Monday, Sep. 09, 1957
Enchanted Territory
FARAWAY (245 pp.)--Andre Dhotel-- Simon & Schuster ($3.50).
"In any one country there are really several worlds," says Author Andre Dhotel at the outset of this wistful, wonderfully comic tale. His young hero, Gaspard Fontarelle, is born to a resolutely matter-of-fact world, the sleepy, stodgy French resort village of Lominval. But all about Lominval, as the young boy grows up, is the dark, beckoning world of the Ardennes forest. And Gaspard himself is marked from birth as another-worldling. At his christening, thunder rumbles in the distance, and a panicked cat scratches the notary's wife. Calamities hound the sweet, shy child--a deer hunter's slug pinks his skull and shatters a bust in the city hall, a truck on which he is perched roars runaway downhill to crash through a cottage. The villagers take muttering notice that no matter how badly such disasters may damage the boy's surroundings, they never cause Gaspard any lasting harm.
A villain of the piece is Gaspard's aunt, put in charge of the boy because his parents are unsolid citizens who ragtag about the countryside peddling neckties. A mightily mundane soul, the aunt has lofty plans for Gaspard--was not one of his ancestors mayor of Lominval, and another chief of the town's wolf-exterminating brigade? But the never-never land claims the boy; sent into the forest to gather mushrooms, he is soon lost to Lominval and launched on a mad, careering plunge of adventure.
Gaspard befriends a runaway boy who says he is searching for a lost homeland, but it soon turns out that the boy is really a girl. Plagued by an evil servant and a lunatic film producer, aided by an addled deaf boy and a family of wandering musicians, Gaspard and the girl search for the vanished "territory" of her childhood.
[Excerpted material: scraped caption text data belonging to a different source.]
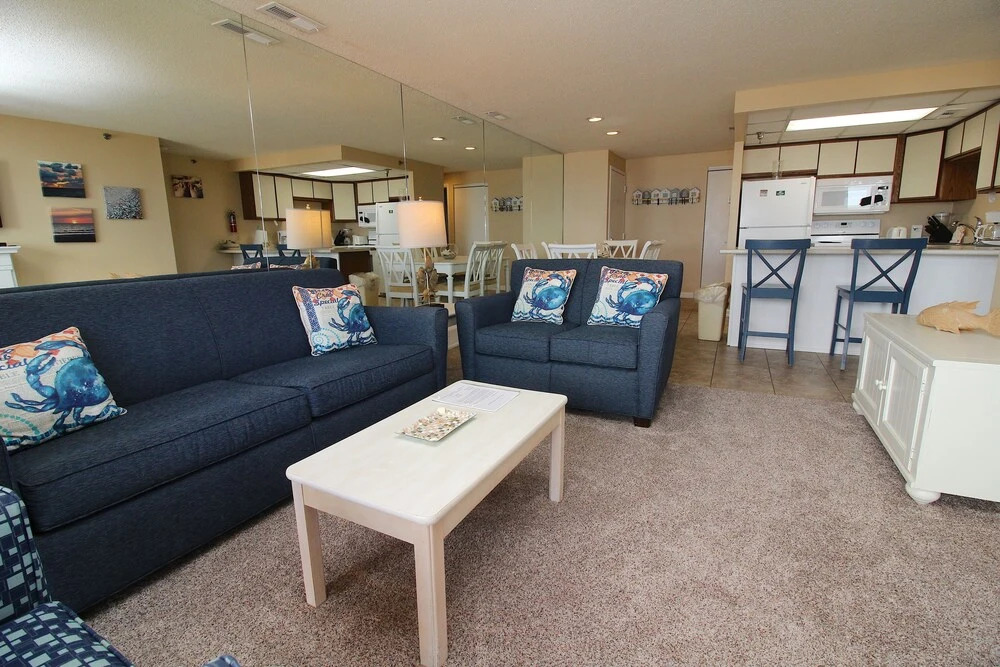 Sandy Square 104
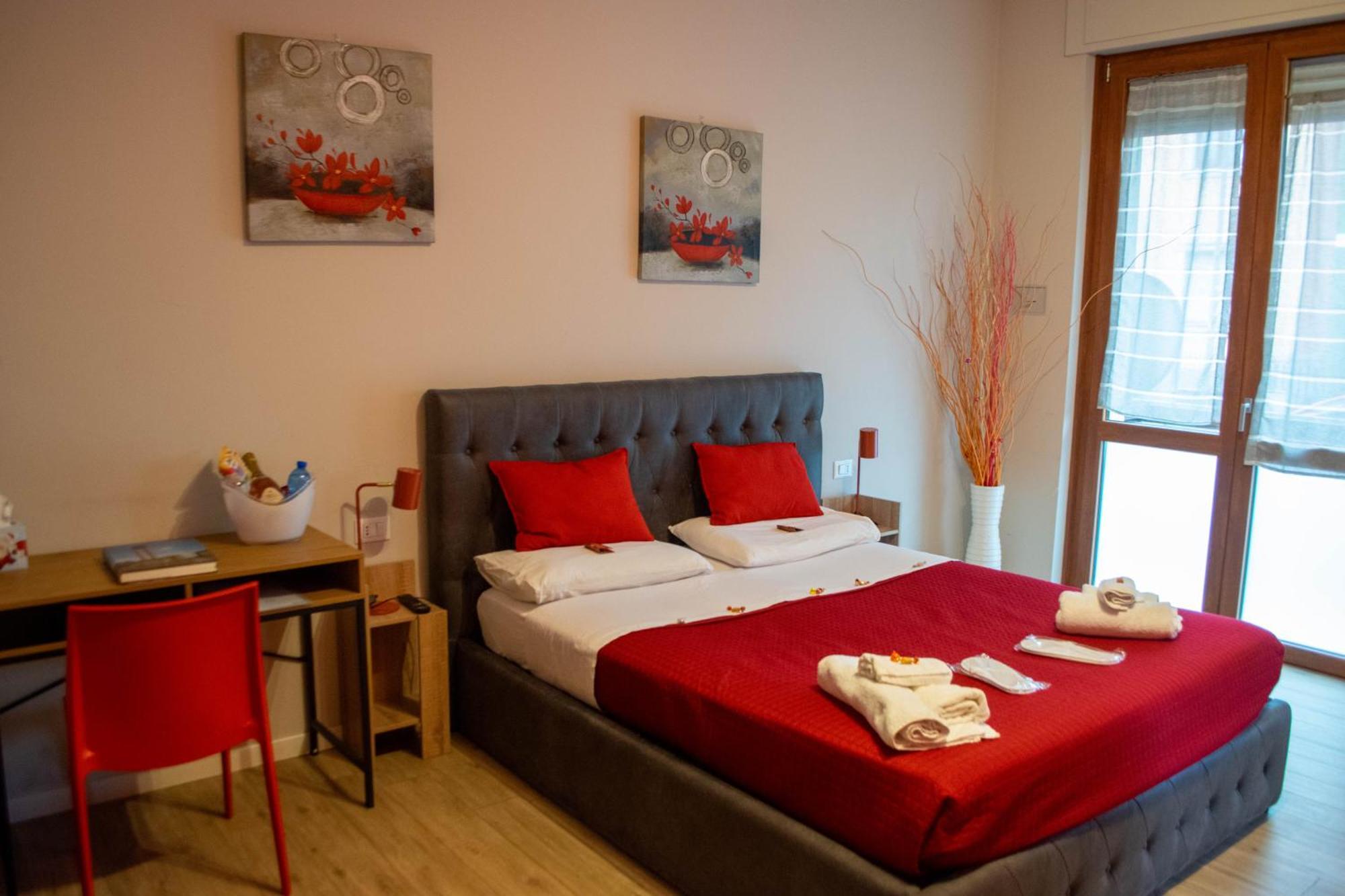 Bed and Breakfast Emmanueli65 fronte clinica tripla Piacenza Esterno foto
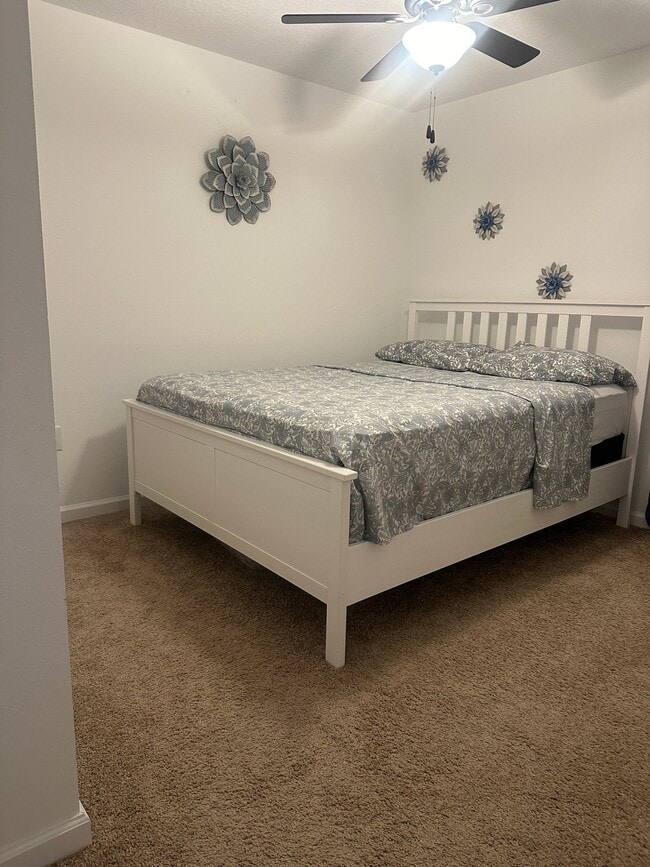 property at 3421 Yarian Dr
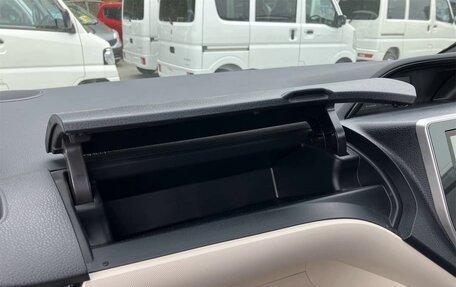 Toyota Noah III, 2021 год, 1 882 000 рублей, 19 фотография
Because this is a fairy tale, they find it, and it proves to be the wandering carnival world of Gaspard's parents, a world where the horizon "retreats unceasingly in time and space . . . and where we never find beauty without knowing that there's more of it ahead."
And because this is a spoof of the strict and stuffy, the step-by-steppers and the serious-takers of life. Author Dhotel winds up his ramble with the mocking hawker's chant of Gaspard's papa: "Step up here sir; don't be afraid of life. Don't take one tie; don't take ten, take twenty, and have one to your taste every morning of your life! And hear this, hear this, the most necessary and inevitable purchase of all your days, for the picayune supplementary cost of sixty-five francs, this sparkling, luminous, phosphorescent necktie, the invention of the century! See the sun at midnight; see the stars at noon! Hey! Hey? Hey!"
"Which," concludes Romancer Dhotel (in the real world a high-school philosophy teacher) "is the original and only philosophy possible in the territory."